Task material:

......

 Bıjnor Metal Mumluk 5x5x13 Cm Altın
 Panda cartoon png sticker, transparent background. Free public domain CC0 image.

......

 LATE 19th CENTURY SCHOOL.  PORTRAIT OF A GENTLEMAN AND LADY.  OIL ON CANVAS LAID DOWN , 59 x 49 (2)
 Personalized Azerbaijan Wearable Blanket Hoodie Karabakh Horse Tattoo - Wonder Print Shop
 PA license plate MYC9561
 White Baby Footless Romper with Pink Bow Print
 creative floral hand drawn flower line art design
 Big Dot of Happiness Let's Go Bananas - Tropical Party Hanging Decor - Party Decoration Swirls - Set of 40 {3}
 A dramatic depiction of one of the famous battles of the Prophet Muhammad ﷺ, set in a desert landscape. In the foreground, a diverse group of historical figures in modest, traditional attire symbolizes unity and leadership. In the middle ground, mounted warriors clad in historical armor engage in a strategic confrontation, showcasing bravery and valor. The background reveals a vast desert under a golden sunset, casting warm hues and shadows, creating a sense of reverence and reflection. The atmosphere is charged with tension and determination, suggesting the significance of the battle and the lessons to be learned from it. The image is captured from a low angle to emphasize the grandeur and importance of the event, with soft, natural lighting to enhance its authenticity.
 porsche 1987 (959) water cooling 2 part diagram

......

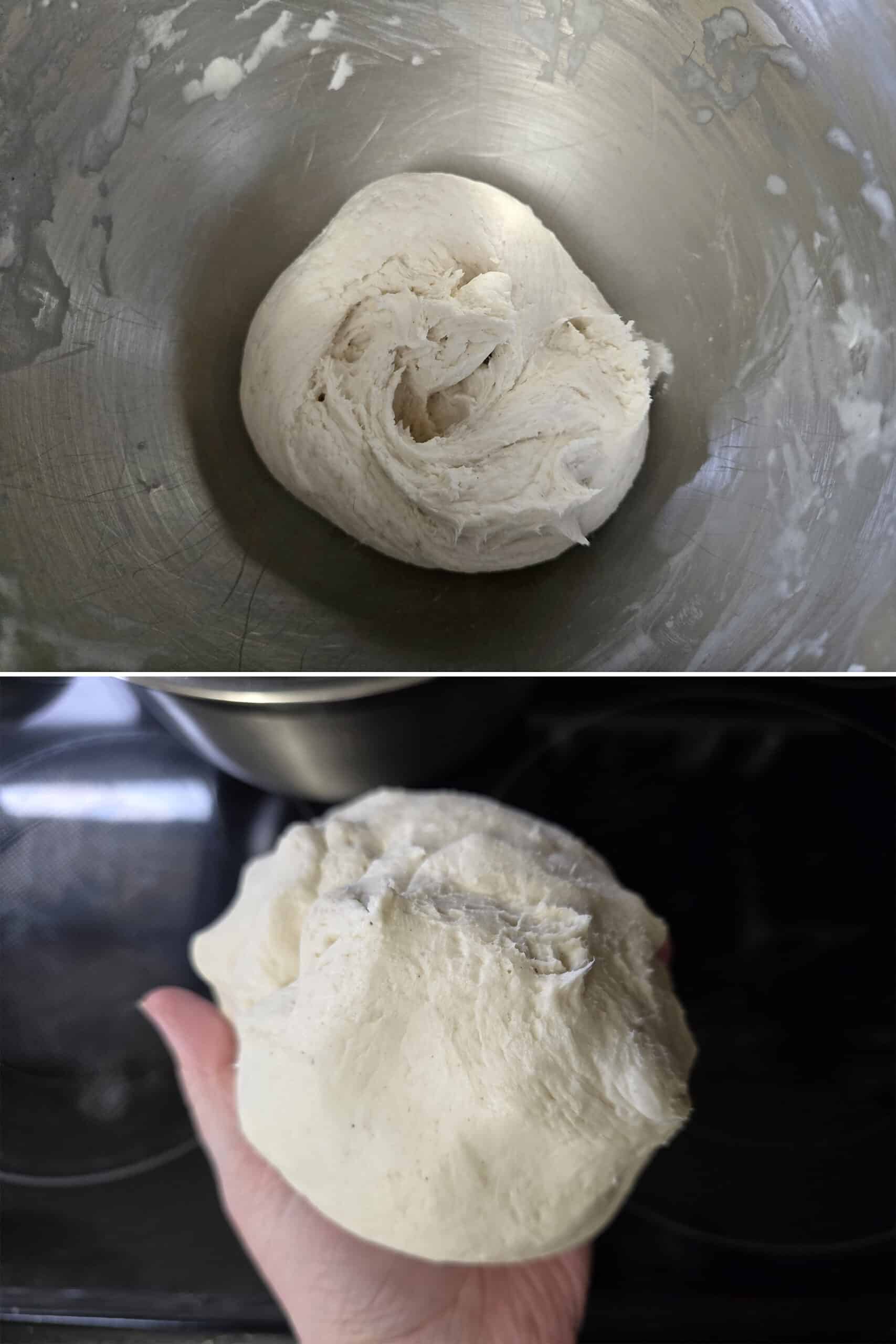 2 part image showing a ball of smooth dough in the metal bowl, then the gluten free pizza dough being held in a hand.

......

What this task involves: The response should be the listing above, limited to the lines between the one holding "White Baby Footless" and the one holding "porsche 1987 (959)", inclusive, reproduced exactly.

Response:
 White Baby Footless Romper with Pink Bow Print
 creative floral hand drawn flower line art design
 Big Dot of Happiness Let's Go Bananas - Tropical Party Hanging Decor - Party Decoration Swirls - Set of 40 {3}
 A dramatic depiction of one of the famous battles of the Prophet Muhammad ﷺ, set in a desert landscape. In the foreground, a diverse group of historical figures in modest, traditional attire symbolizes unity and leadership. In the middle ground, mounted warriors clad in historical armor engage in a strategic confrontation, showcasing bravery and valor. The background reveals a vast desert under a golden sunset, casting warm hues and shadows, creating a sense of reverence and reflection. The atmosphere is charged with tension and determination, suggesting the significance of the battle and the lessons to be learned from it. The image is captured from a low angle to emphasize the grandeur and importance of the event, with soft, natural lighting to enhance its authenticity.
 porsche 1987 (959) water cooling 2 part diagram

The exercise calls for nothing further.